ORBIS DESCRIPTIO
£650
State 1 third edition of Ruscelli's important 'Hemispheres' map.
Good early map, the first in an Atlas to show the Old and New Worlds in separate hemispheres, was used by Ruscelli to illustrate his edition of Ptolemy's Geographia, first issued in 1561 This map issued in 1564.
Separate double-hemispherical maps were no innovation but this is the first time that such a representation had been used in an atlas. The map is adapted from the oval projection used for Gastaldi's larger world map.
No southern continent is shown [in the first state], and Ruscelli has clearly marked the broad mass of land joining Asia and America as 'Terra Incognita' and its coastline as 'Littus incognitum.'.
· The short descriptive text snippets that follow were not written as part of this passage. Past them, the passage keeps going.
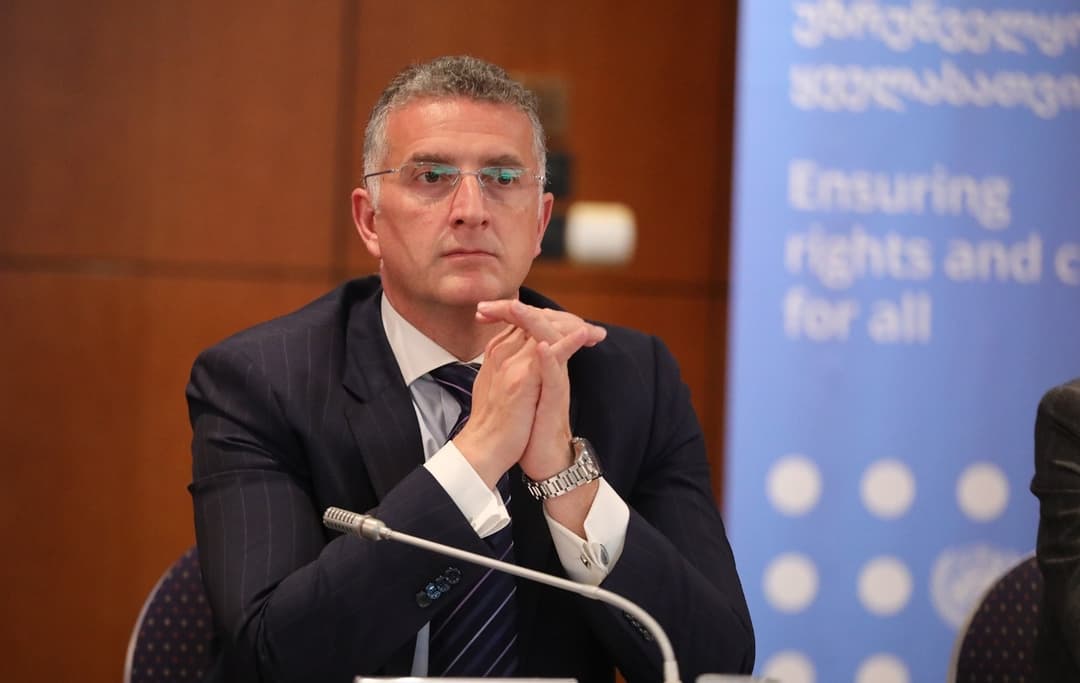 რევაზ ჯაველიძე 2024 წლის, საქართველოს მოსახლეობის საყოველთაო აღწერის საკითხებზე გამართულ დონორთა კონფერენციას დაესწრო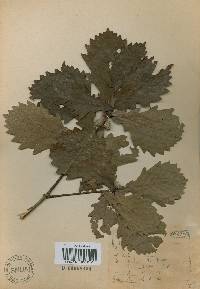 Quercus mongolica var. crispula image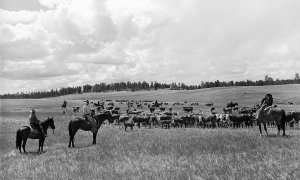 Arthur Rothstein - Roundup at Custer National Forest, Montana, 1939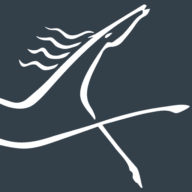 Logo Cantium LLC
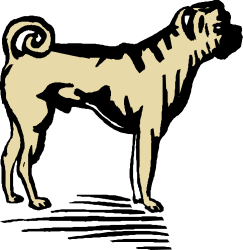 Dog with Long Tail in Dark - Stunning Clipart Illustration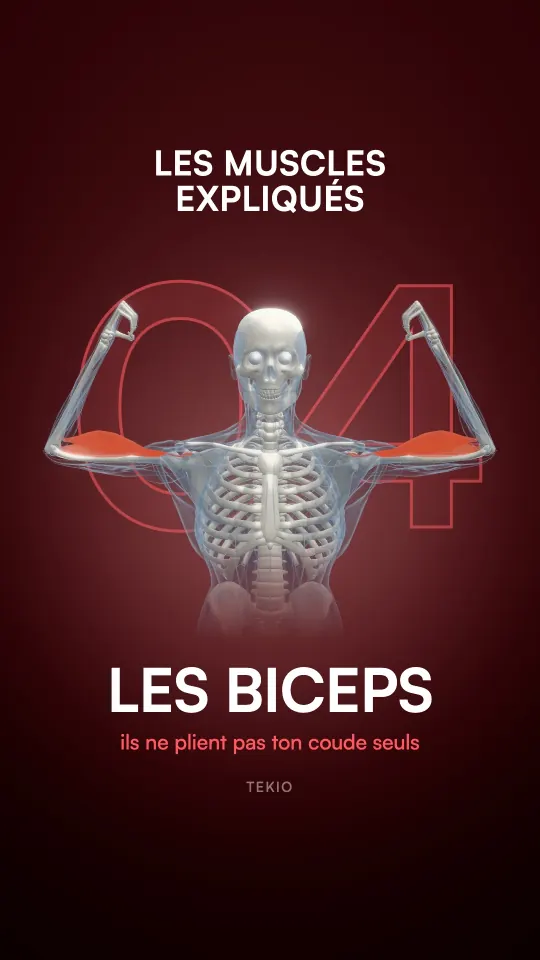 Couverture de la leçon : Les biceps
Important innovations were introduced by Ruscelli in his edition of Ptolemy's Geografia one being this map and its division of the map of the world into two hemispheres, of which the right one represents the Old World and the left the New.
North America shown as part of further Asia..Columbus himself, who after four voyages was still convinced on his death bed in 1507 that America was east Asia and the islands in the West Indies lie off the coast of Asia. One of the ironies of history that the admiral himself died ignorant of what he had really accomplished, insisting that he had discovered a province of China.
Later hand as issued
Good strong impression
Very good condition
References: Shirley #110;
From: Girolamo Ruscelli: La Geografia di Claudio Tolomeo Alessandrino, Nuovamente tradotta di Greco in Italiano da Ieronimo Ruscelli..
A 16th century Ptolemy Atlas with 64 engraved maps. Published by Giordano Ziletti in Venice during the year 1564.
code : M5531
Cartographer : RUSCELLI Girolamo
Date : 1564 Venice
Size : 19*27 cms
availability : Available
Price : £650
Girolamo Ruscelli (1500s-1566) was an Italian polymath, humanist, editor, and cartographer active in Venice during the early 16th century. Ruscelli is best known for his important revision of Ptolemy's Geographia, which was published post humously in 1574. It is generally assumed that Alexius Pedemontanus was a pseudonym of Girolamo Ruscelli. In a later work, Ruscelli reported that the Secreti contained the experimental results of an ‘Academy of Secrets’ that he and a group of humanists and noblemen founded in Naples in the 1540s. Ruscelli’s academy is the first recorded example of an experimental scientific society. The academy was later imitated by Giambattista Della Porta, who founded an ‘Accademia dei Secreti’ in Naples in the 1560s.